]> git.proxmox.com Git - mirror_lxcfs.git/commitdiff
lxcfs: add --pidfd option
authorChristian Brauner <christian.brauner@ubuntu.com>
Wed, 26 Feb 2020 13:08:08 +0000 (14:08 +0100)
committerChristian Brauner <christian.brauner@ubuntu.com>
Wed, 26 Feb 2020 13:09:24 +0000 (14:09 +0100)
This makes running lxcfs way more reliable. It is opt-in for now.

Signed-off-by: Christian Brauner <christian.brauner@ubuntu.com>
bindings.c
bindings.h
configure.ac
lxcfs.c
utils.h

index 7bf5d287d2edeba16f4680c40926739a295677b9..f5a6415ea15a8d7617a14daf94339fb7b1bfa015 100644 (file)
@@ -53,6 +53,8 @@
 #include "proc_cpuview.h"
 #include "utils.h"
 
+static bool can_use_pidfd;
+
 /* Define pivot_root() if missing from the C library */
 #ifndef HAVE_PIVOT_ROOT
 static int pivot_root(const char *new_root, const char *put_old)
@@ -83,9 +85,10 @@ extern int pivot_root(const char *new_root, const char *put_old);
  *      cached initpid.
  */
 struct pidns_init_store {
-       ino_t ino;          // inode number for /proc/$pid/ns/pid
-       pid_t initpid;      // the pid of nit in that ns
-       long int ctime;     // the time at which /proc/$initpid was created
+       ino_t ino;     /* inode number for /proc/$pid/ns/pid */
+       pid_t initpid; /* the pid of nit in that ns */
+       int init_pidfd;
+       long int ctime; /* the time at which /proc/$initpid was created */
        struct pidns_init_store *next;
        long int lastcheck;
 };
@@ -127,47 +130,62 @@ static void store_unlock(void)
        unlock_mutex(&pidns_store_mutex);
 }
 
+/* /proc/       =    6
+ *                +
+ * <pid-as-str> =   INTTYPE_TO_STRLEN(pid_t)
+ *                +
+ * \0           =    1
+ */
+#define LXCFS_PROC_PID_LEN \
+       (STRLITERALLEN("/proc/") + INTTYPE_TO_STRLEN(uint64_t) + +1)
+
 /* Must be called under store_lock */
-static bool initpid_still_valid(struct pidns_init_store *e, struct stat *nsfdsb)
+static bool initpid_still_valid(struct pidns_init_store *entry)
 {
-       struct stat initsb;
-       char fnam[100];
+       bool valid = true;
 
-       snprintf(fnam, 100, "/proc/%d", e->initpid);
-       if (stat(fnam, &initsb) < 0)
-               return false;
+       if (entry->init_pidfd >= 0) {
+               if (pidfd_send_signal(entry->init_pidfd, 0, NULL, 0))
+                       valid = false;
+       } else {
+               struct stat st;
+               char path[LXCFS_PROC_PID_LEN];
 
-       lxcfs_debug("Comparing ctime %ld == %ld for pid %d.\n", e->ctime,
-                   initsb.st_ctime, e->initpid);
+               snprintf(path, sizeof(path), "/proc/%d", entry->initpid);
 
-       if (e->ctime != initsb.st_ctime)
-               return false;
-       return true;
+               if (stat(path, &st) || entry->ctime != st.st_ctime)
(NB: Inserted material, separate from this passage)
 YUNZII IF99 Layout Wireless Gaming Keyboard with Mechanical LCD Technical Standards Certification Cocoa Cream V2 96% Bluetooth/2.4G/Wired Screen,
+                       valid = false;
+       }
+
+       return valid;
 }
 
 /* Must be called under store_lock */
-static void remove_initpid(struct pidns_init_store *e)
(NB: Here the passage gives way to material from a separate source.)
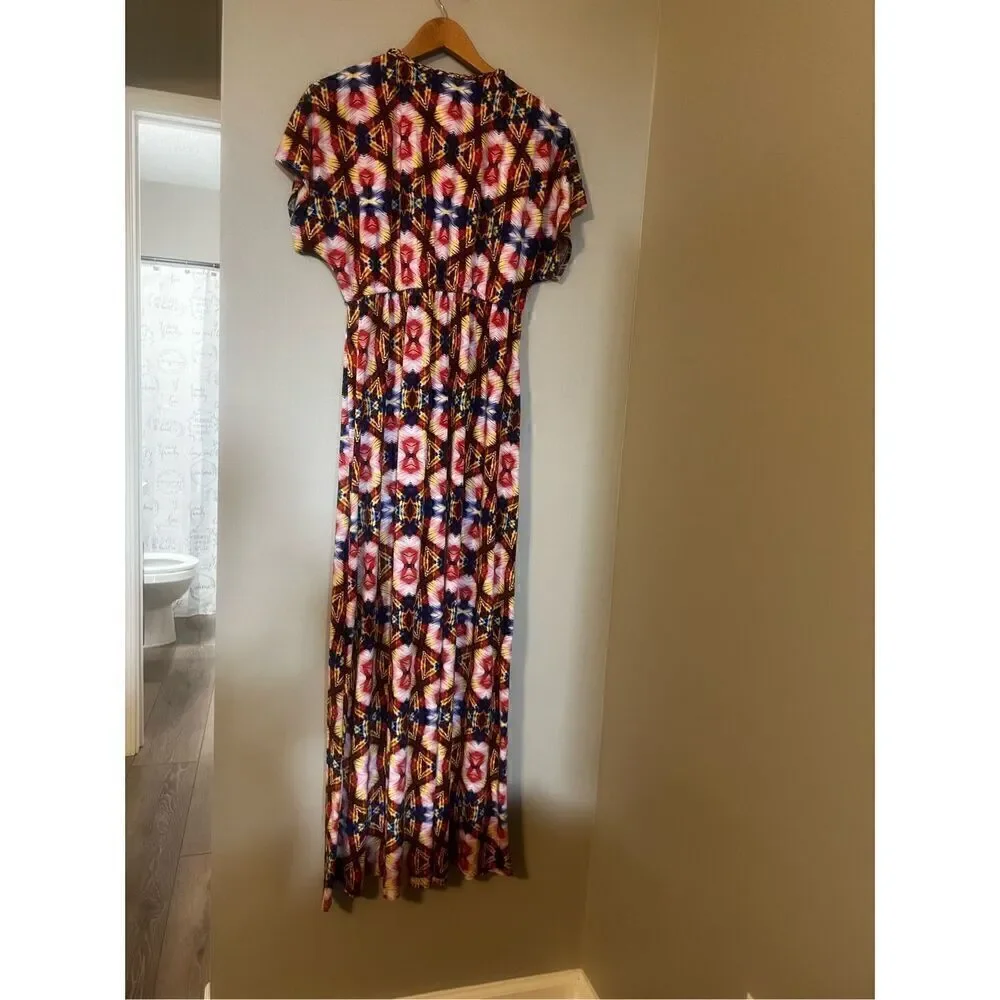 New Directions Women’s Size 12 Tribal Aztec Southwestern Midi Dress NWOT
+static void remove_initpid(struct pidns_init_store *entry)
 {
-       struct pidns_init_store *tmp;
-       int h;
+       struct pidns_init_store *it;
+       int ino_hash;
 
-       lxcfs_debug("Remove_initpid: removing entry for %d.\n", e->initpid);
+       lxcfs_debug("Removing cached entry for pid %d from init pid cache",
+                   entry->initpid);
 
-       h = HASH(e->ino);
-       if (pidns_hash_table[h] == e) {
-               pidns_hash_table[h] = e->next;
-               free_disarm(e);
+       ino_hash = HASH(entry->ino);
+       if (pidns_hash_table[ino_hash] == entry) {
+               pidns_hash_table[ino_hash] = entry->next;
+               close_prot_errno_disarm(entry->init_pidfd);
+               free_disarm(entry);
                return;
        }
 
-       tmp = pidns_hash_table[h];
-       while (tmp) {
-               if (tmp->next == e) {
-                       tmp->next = e->next;
-                       free_disarm(e);
+       it = pidns_hash_table[ino_hash];
+       while (it) {
+               if (it->next == entry) {
+                       it->next = entry->next;
+                       close_prot_errno_disarm(entry->init_pidfd);
+                       free_disarm(entry);
                        return;
                }
-               tmp = tmp->next;
+               it = it->next;
        }
 }
 
@@ -176,39 +194,39 @@ static void remove_initpid(struct pidns_init_store *e)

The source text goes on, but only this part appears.